Everything on the top is the same with the exception of the rearranged screen illumination button.
Canon EOS 5D MkII: Features
It's fair to say that the Canon EOS 5D has been one of the most successful DSLRs which left Canon with a problem when designing its replacement. Maybe this is why it's taken so long to come along.
As of July 2008, the EOS 5D held 66% of the semi-pro DSLR market meaning that to continue that success, the designers had to pull out a certain fluffy white object out of the proverbial hat. The result is the EOS 5D MkII which has been talked about in length not only here on ePHOTOzine but all over the interweb with everyone speculating on the specifications.
Most were very close but essentially wrong. Namely on the resolution and frames per second. All that's in the past now and the new model has stomped into the foreground and diverted everyone's attention away from the recently released Nikon D700.
The resolution is the same as the top of the line EOS 1Ds MkIII but isn't the same sensor. I spoke to Richard Shepherd, European Product Specialist for Digital DSLRs and EF lenses and he told me that the new CMOS sensor has improved photodiodes which are more efficient meaning a lower power consumption. The photosites on the pixels are larger which they've enabled by reducing the size of the circuitry that surrounds the photosite.

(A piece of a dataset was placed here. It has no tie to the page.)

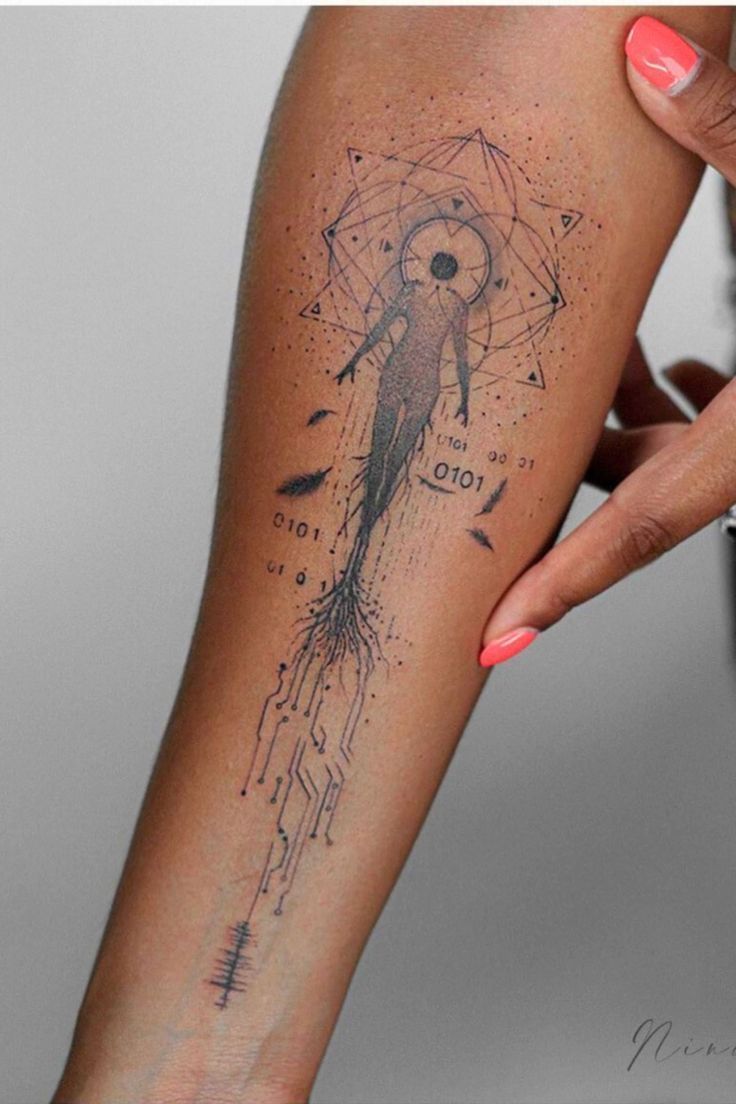 Guia Completo de Tatuagens Minimalistas: Onde Fazer e Como Cuidar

This is all to do with noise and I asked if a larger photosite would create more heat increasing the chance of noise on surrounding pixels. Richard confirmed in normal circumstances this would be an issue, but as it's predictable noise, they can compensate for it. Interestingly, the microlenses aren't gapless on the 5D MkII but are on the EOS 50D.
I then spoke to Mike Burnhill, European CCI Product specialist for Digital SLR and EF lenses and I mentioned in my discussion with him that although the EOS 5D MkII has the same resolution as the EOS 1Ds MkIII, it only has one processor whereas the pro spec camera has two. I asked if this was an issue with speed and Mike said that the new Digic IV processor is faster and leaner than the previous third generation version (the 5D has DiG!C II processor). He confirmed that although it's not twice as fast to keep it in line with the EOS 1Ds MkIII speed, it works out at around 1.3x faster. He added that this meant that when using a UDMA enabled card in continuous shooting, JPEGs would be leaving the buffer as the next one entered.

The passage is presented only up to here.